Annie X-mas I think that this is what I might be going for (at least when not in the company of close friends or family). My officemate does this extremely well and I am trying to learn from her. I desperately need to learn how to fly under the radar because I tend to stick out like a sore thumb :eek:. What do you mean when you said you were an “elective mute” for a few years? Did it have positive or negative repercussions? Sorry to hijack, but I am just curious for feedback and can’t imagine having this conversation at a staff meeting or some such ;).

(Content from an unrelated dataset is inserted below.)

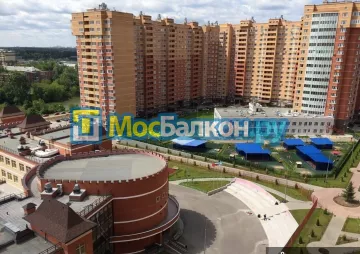 Заказать балкон в Подольске цена от 1320 руб | Остекление балконов и лоджий МосБалкон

So anyway, it depends entirely on the person and the relationship. Presumably I’m not carrying on a conversation with someone I don’t care for, so I try to pull back on the snark. In the past, I would normally have let the interruption take. Lately, I just wait no more than a second or two for a lower decibel level in the interruption, and calmly say “Of course, I wasn’t finished with my story.” This usually elicits a profound apology, and the problem is cured for the remainder of the conversaton.

Years ago I was having a phone conversation with a friend, and was trying to make a point. He interrupted my data with the plural of anecdotes so extensive that it derailed the conversation entirely. He buried me in exceptional anecdotes. He crushed my ideas into dust. Some 30 minutes later, when there was finally a lull, I firmly stated “Yeah, but if you’d let me finish what I was trying to say, I could actually make my point!” He apologized and let me speak. He followed that up with “Huh, I guess you’re right.”

I remember this one time when I was speaking to someone who I had no reason to be friendly to. She was trying to screw me out of about $600. Every time I tried to explain why it would be good for her to pay me, she interrupted and discounted what I had to say. She totally undermined me. At one point I just shouted “EXCUSE ME, I WAS TALKING!” Shut her pie-hole right the fuck up. And I ended up getting my way. :slight_smile:

AHA! You seek out an interruptor for a partner in your life because of your father, and because deep down inside you crave being interrupted! Daddy?! Please approve! Interrupt me! How Freudian!

No, but seriously, my girlfriend does the same thing. At least she’s not as bad as her mom, who instead of actually conversing with others, just likes to make noises with her mouth while in a room full of people. Oh, what’s that? You were trying to say something? Sorry, she didn’t even notice; there’s more sounds coming out of her mouth.

Please don’t get the impression here that I don’t love the woman with all my heart.

Elective mutism is when a person (usually a child) can talk but chooses not to. I simply did not talk to people. It’s a sign of a person trying desperately to control some aspect of their life, and often consider the sign of a severly abused child. A person can make a child do a lot of things, but talking isn’t one of them.

A search on wiki for “elective mutism” brings up “selective mutuism” with a claim thaqt the person cannot talk. That is wrong–they are two different conditions. Most electively mute people can talk, and when they do choose to talk, speak normally.

People do go crazy when someone refuses to talk to them. If I’m doing it and I have to speak to the person, I use very clipped speech and few words; i.e. worst.post.ever.

Torey Hayden is an expert on the condition, and has written several books about her working with chldren who are elective mutes.

knock knock

who’s there?

interrupting fetus

aren’t you going to say interrupting fetus who?

no. I’ve heard interrupting cow, and I shudder to think what interrupting fetus might be.

Best response I’ve seen to an interrupter and one I’ve used numerous times on my husband came from Monica on Friends. Simply point to your mouth say, “Lips moving, still talking.”
Stops him dead every time.

krak fssssssssshhhhhhhhh…

Depends on the situation. If you don’t mind offending the people you are with, just throw up your hands in defeat and look around in bewilderment, then walk away while they’re talking.